Bernard Mate (1922 - 6 January 1994) was a Kenyan politician and one of the first group of Africans to be elected to the Legislative Council of Kenya (LegCo), the legislative arm of government in the British Colony of Kenya, representing what was the black constituency of Central Kenya. He served three terms in the LegCo until he lost his seat in 1979. He died on 6 January 1994, after a short illness. As a politician, he was part of the KADU's delegation to the Lancaster House conferences, which set the framework for Kenyan independence.
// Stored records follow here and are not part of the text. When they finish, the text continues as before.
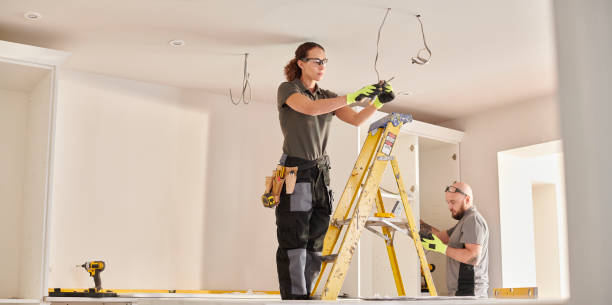 Best Ceiling Fan Installation Electrician  in Los Alamitos, CA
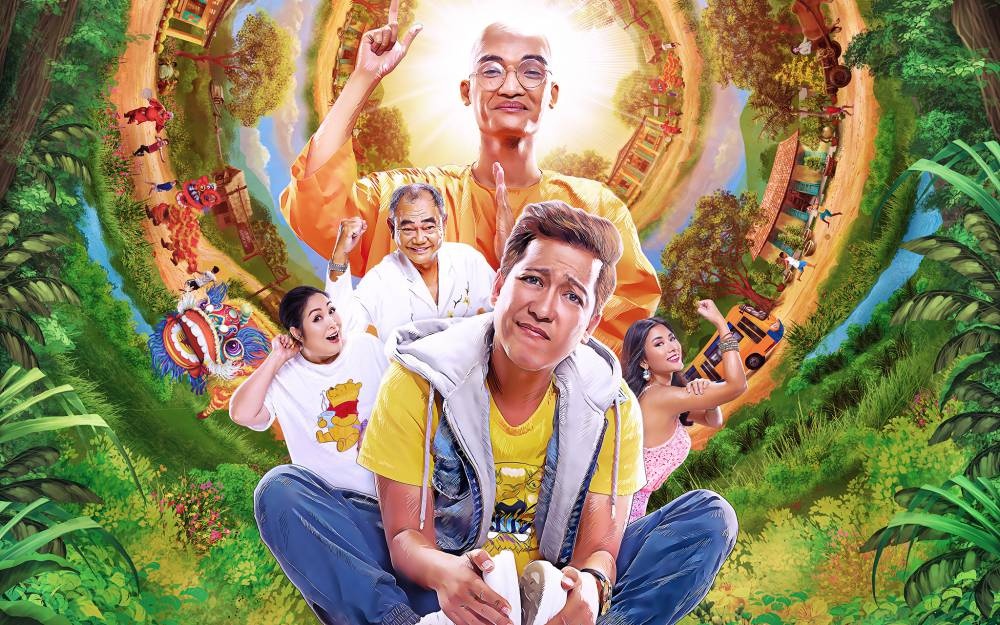 30 chua phai Tet hoan chieu anh 1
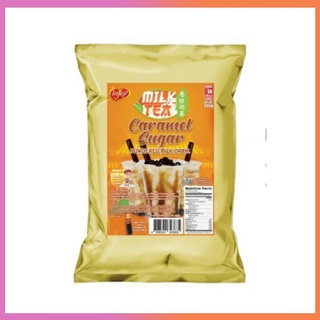 [Available]Injoy Caramel Sugar Milktea 500g Instant Powdered Milktea Drink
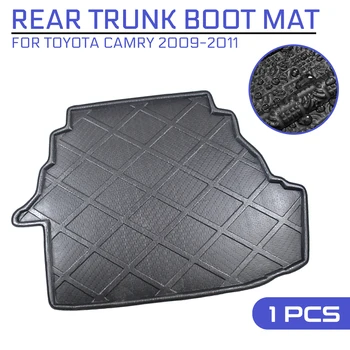 For Toyota Camry 2009 2010 2011 Car Floor Mat Carpet Rear Trunk Anti-mud Cover
For Toyota Camry 2009 2010 2011 Car Floor Mat Carpet Rear Trunk Anti-mud Cover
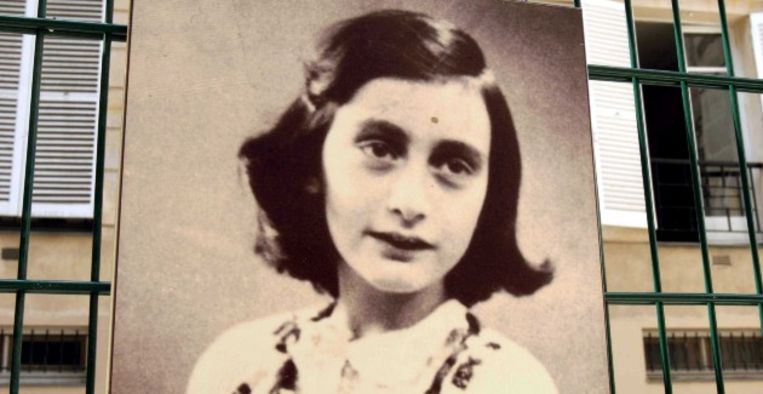 Déze bijzondere foto hing boven het bed van Anne Frank | Libelle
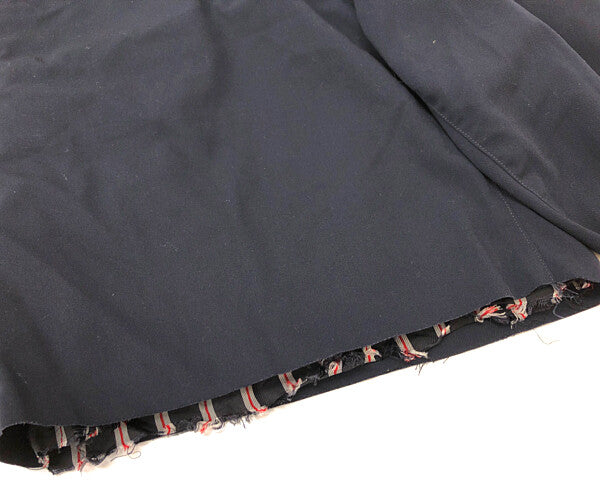 【中古品】【メンズ】 JORDAN BY NIKE ジョーダン バイ ナイキ EMBROIDERY ZIP UP JACKET F31204SID ジップアップジャケット ライトアウター 146-230925-kk-13-tag サイズ：S カラー：ブラック 万代Net店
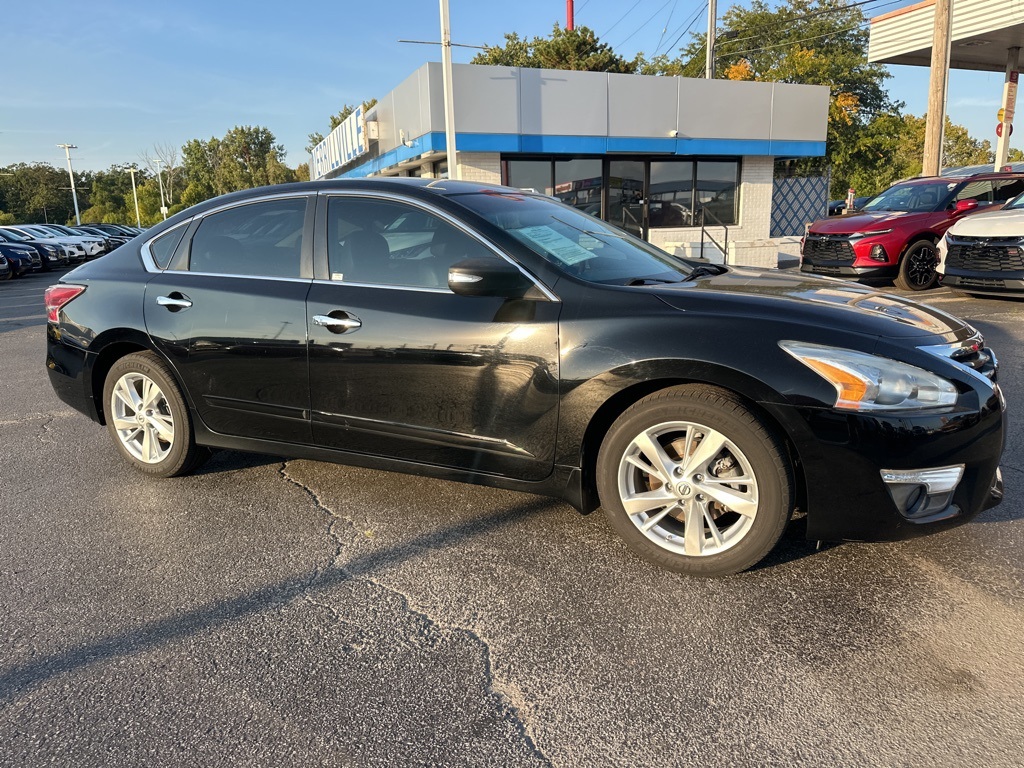 2015 Nissan Altima 2.5 SL photo 20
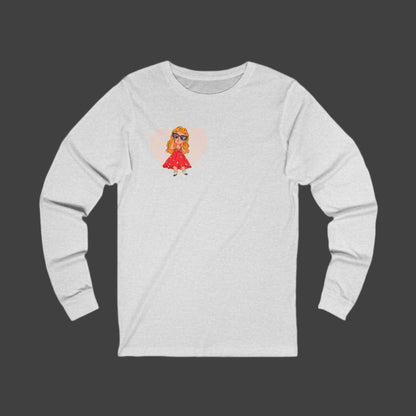 Poppy Long Sleeve Tee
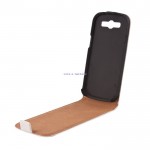 Kab.pion.z klapk� LUX HUAWEI G6 bialy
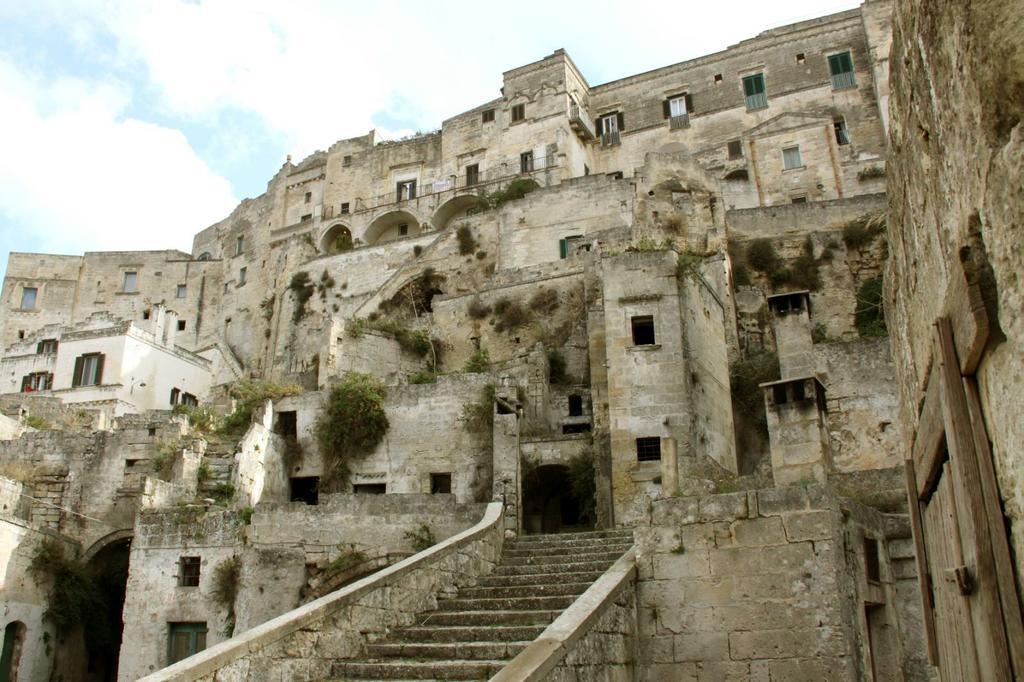 Sul Teatro Apartment Matera Exterior foto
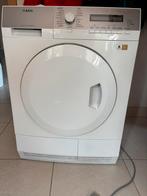 Droogkast AEG Lavatherm 8kg, Elektronische apparatuur, Ophalen, 6 tot 8 kg, Gebruikt, Voorlader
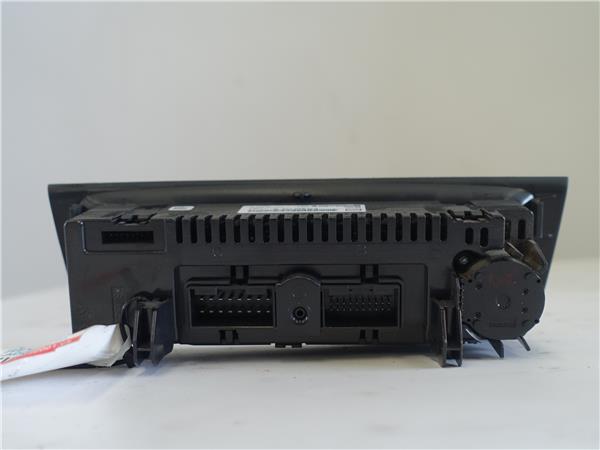 MANDOS CLIMATIZADOR Seat ibiza berlina (6j5)(06.2008->) 1.6 TDI (D) CAY - #Prov# (D)CAYPROV 6JO820043 NEGRO acondicionado aire calefaccion - Imagen 2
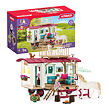 SCHLE 42593 Schleich Karavan pro tajná klubová setkání - poškozený obal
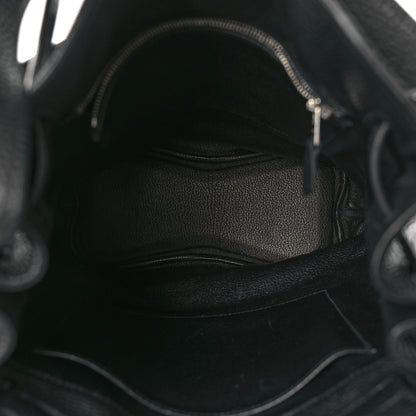 Hermes Togo So Kelly 22 Black 5 of 8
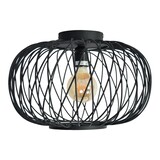 Urban Interiors Deckenleuchte Twist Large Ø 37 cm schwarz Urban Interiors Deckenleuchte Twist Large Ø 37 cm schwarz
He was described by Oginga Odinga as a philosopher.

==Early childhood==
Bernard Mate was born to M'Thura wa Rware and Ruth Igoji, who hailed from Mutuguni (near Nturiri). He was their fourth-born child and the first to survive childhood.

===Education===

Bernard Mate enrolled in Ndiruini (now Kiereni) Primary School for his early primary education and sat his K.A.P.E and Chogoria Junior School. He entered Alliance High School in 1939, graduating in 1945 to pursue a diploma in teaching at Makerere University. He spent four years teaching at Chogoria High School, before enrolling for a Bachelor of Arts degree in the University of North Wales Bangor. He then pursued a postgraduate diploma at the University of Edinburgh.

==Teaching career==
Bernard Mate again returned to Kenya in 1954 and taught at the Alliance Girls High School for one year, before being transferred to the Government Teachers Training College Meru (now Meru Teacher's Training College). From 1957 to 1964 and 1970 to 1974, he taught at the Kilimambogo Teachers Training College, and was the founding headmaster of Ikuu High School, Chuka.

== Political career ==
In 1957, while continuing to teach, he ventured into elective politics when Africans were first allowed to elect their own representatives to the Legislative Council. Mate ran in the 1957 election, winning the Central Kenya seat against former nominated MP Eliud Mathu as well as politicians such as Jeremiah Nyagah. Mate won 51 per cent of the vote compared to Mathu's 30 per cent and Nyagah's 12 per cent. During Mate's term in office, he served in the minority KADU government of Ronald Ngala in various capacities including Minister of Health, Education and Social Services.

He is credited with contributing to the abolition of the discriminative Common Entrance Exam, and the establishment of Kaguru Farmers Training Centre during this time. He lost his parliamentary seat contesting what was then Meru Central Constituency (since split into North Imenti Constituency, Central Imenti Constituency and South Imenti Constituency) in the 1963 elections that elected Kenya's first independent government. He recaptured the Meru Central seat in a 1965 by-election. He would lose the seat in the 1969 general election, after which he moved to Meru South to serve one final term in the general election of 1974. He was an avid debater and a political philosopher. The Ena-Ishiara-Ciakariga-Tunyai-Meru road is named after Mate.

==Family==

Bernard Mate was married to Edith Gatakaa and with her had eight children. Four daughters: Anne Keeru, Amy Kagendo, Ivy Kathanje, and Alice Kanyua and three sons: Arthur Njage, Munene Mate, and Nelson Njeru.